Excelente texto. Mas o Galeto Braun já existia no início dos anos 80. Lembro de ir lá, criança com meu pai, após brincar na recem-reformada praça Gonçalves Ledo.
Morei na Av. Pará e tinha o passaporte da Centenário como apoio pra lanchar no retorno das tocadas .

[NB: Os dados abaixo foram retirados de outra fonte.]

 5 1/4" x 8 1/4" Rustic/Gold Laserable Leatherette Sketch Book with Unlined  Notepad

Por favor, Sr. Ticianeli, continue com esses seus trabalhos que são de grande importância, principalmente para nós que vivenciamos, essa época, muito obrigado
Muito bom, Ticianeli! Você é o grande cronista da história alagoana. Apenas senti falta dos passaportes do 7 Coqueiros
BOAS RECORDAÇÕES! PASSAPORTE DO GAÚCHO, QUE PASSAPORTE GOSTOSO, EU E MEU ESPOSO NA ÉPOCA MEU NAMORADO, SEMPRE COMÍAMOS NO PASSAPORTE DO GAÚCHO COM SUCO DE MANGABA! O MELHOR !! 🥰
Nasci em 1960, comecei a frequentar o passaporte do gaúcho na Centenário (mais precisamente em frente a praça, na rua Santa Rita de Cassia) por volta de 1975/1976, lembro que ainda era solteiro. Quanto ao comentário de Sérgio Moreira, o passaporte do 7 coqueiros não era o Gaúcho, era o famoso ZipZip…
Me lembro quando a galera vinha do surf da praia do pontal e trapiche caminhando até a praia na avenida no finalzinho da tarde.

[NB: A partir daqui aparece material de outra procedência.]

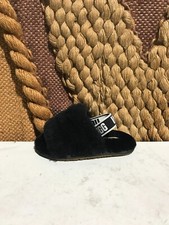 UGG Black Girls Fluff Toddler Slippers Little Kids Slingback Sandals US Size 8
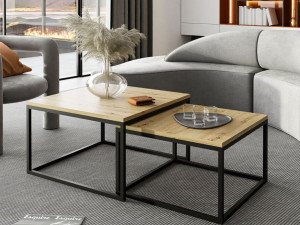Couchtisch auf schwarzem Gestell Asumi Eiche Artisan 36x42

Ficávamos até o início da noite esperando para meter bronca no sanduíche mais gostoso da cidade.
Linda história! Conheci muito. Morava na rua da praia.Parabéns! O melhor era o passaburguer com carne!
Trailer na praça Santa Rita com praça centenário.
Anos 70.
Um amigo comia que ficava com maionese até na orelha.
Bons tempos….
Sou cliente com meu filho até hoje.
História impressionante!!! Excelente trabalho de pesquisa….. Sou Alagoano, sou de Maceió, moro no Rio de Janeiro, capital desde 2007. Faz muita falta aqui o Passaporte do Gaúcho, o galeto prensado e a maionese de milho então, kkkkkk. É visita certa quando vou a Maceió ver família…. Grande abraço….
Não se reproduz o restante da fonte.